À l’image de son rôle dans la perpétuation du pin gris, dans la langue française, il est aussi associé à notre reproduction. Ainsi, déclarer sa flamme, c’est exprimer ses sentiments à l’autre qui fait battre notre cœur. L’expression serait née d’une pratique européenne très ancienne. Une coutume qui voulait que le prétendant se présente dans la famille de la belle avec des tisons bien ardents. Si, après les pourparlers, le feu était éteint, l’éconduit devait plier bagage et aller voir ailleurs.

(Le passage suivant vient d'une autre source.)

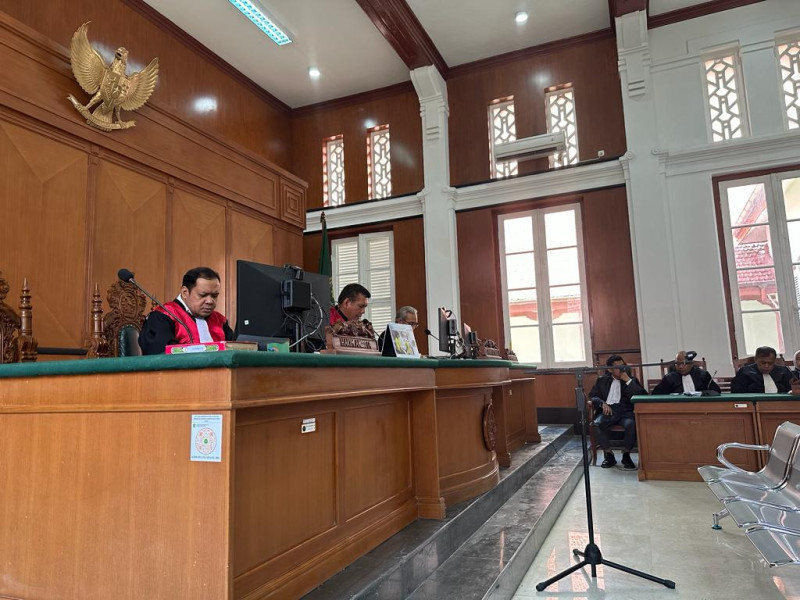 Majelis Hakim Tipikor PN Makasar Menolak Semua Keberatan/ Eksepsi Terdakwa Ir H Haris Yasin Limpo,MM dan Terdakwa Irawan Abadi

A contrario, si les braises étaient nourries et attisées par la famille de la convoitée, sérénades et parades prénuptiales pouvaient commencer. C’était le début des feux de l’amour, ces passions brûlantes qui peuvent naître d’une simple étincelle dans les yeux. Le feu et la chaleur sont tellement jumelés à notre sexualité qu’on voit dans nos sociétés des allumeuses, des bombes sexuelles et des pétards.

Comme l’humain, le feu a besoin d’oxygène. Comme l’humain, il danse. Comme l’humain, il tue. Comme l’humain, il se nourrit. Comme l’humain, le feu meurt et engendre des cendres qui sont du fertilisant pour de nouvelles existences. Telle est aussi sa part dans la perpétuation du pin gris dans la forêt boréale. Du moins lorsque les épisodes embrasés ne se suivent pas à un rythme fou. Comme c’est le cas en ces temps de changements climatiques avec leur lot de drames humains et de massacres dans la biodiversité.